N’éteignons pas la flamme

Par Fatym Layachi

Ces deux dernières semaines ont été très chargées. Et c’est bien peu de le dire. Il y a deux semaines, un séisme a fait trembler le royaume, dévastant des villages, décimant des familles, mettant à nu des disparités mais révélant aussi les immenses capacités humaines de ce pays.

Le Maroc pourrait donner des leçons de résilience, de générosité et de solidarité. Toi, devant ta télé, sur tous tes groupes WhatsApp et en scrollant ton écran d’iPhone, tu en as bouffé de l’image, de l’info factuelle et de l’analyse en tout genre. Entre les points de vue, les traits d’esprit plutôt bien sentis, les théories un peu vaseuses et les vidéos qui te foutent la chair de poule, tu as été traversée par tellement d’émotions.
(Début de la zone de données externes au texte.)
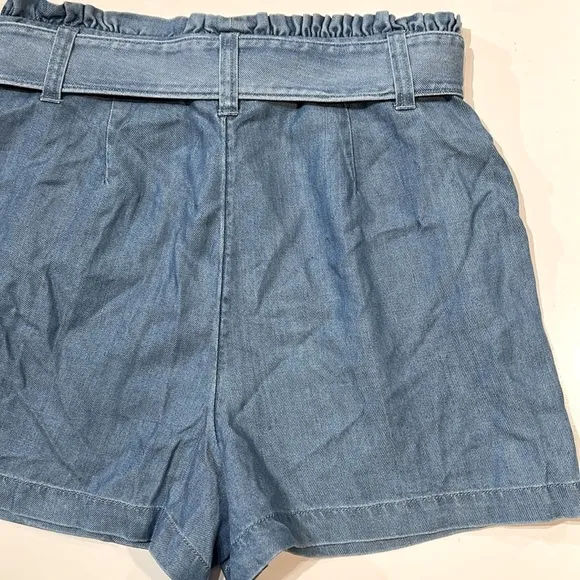 Vineyard Vines Chambray Belted Shorts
Parfois même contradictoires.

Tu as eu envie de chialer, de gerber, de faire des câlins à ta mère, de t’énerver très fort, de remercier le bon Dieu, de chialer encore et d’y croire encore plus fort. Et puis il y a aussi eu des polémiques. Que tu n’as pas toujours comprises, mais sur lesquelles tout le monde autour de toi semblait avoir un avis bien tranché. Et puis, au milieu de tout cette infobésité, tu es tombée sur un post sur Instagram. Juste quelques phrases sur les réseaux qui sonnent pour toi comme une révélation. Tu as trouvé ces quelques phrase fortes, justes et pleines de bon sens.

“Globalement, nous avons brillé par nos qualités humaines et avons ressenti une réelle fierté d’être marocains (…) mais maintenant que l’onde de choc est passée, il est important de faire preuve d’un peu d’autocritique…”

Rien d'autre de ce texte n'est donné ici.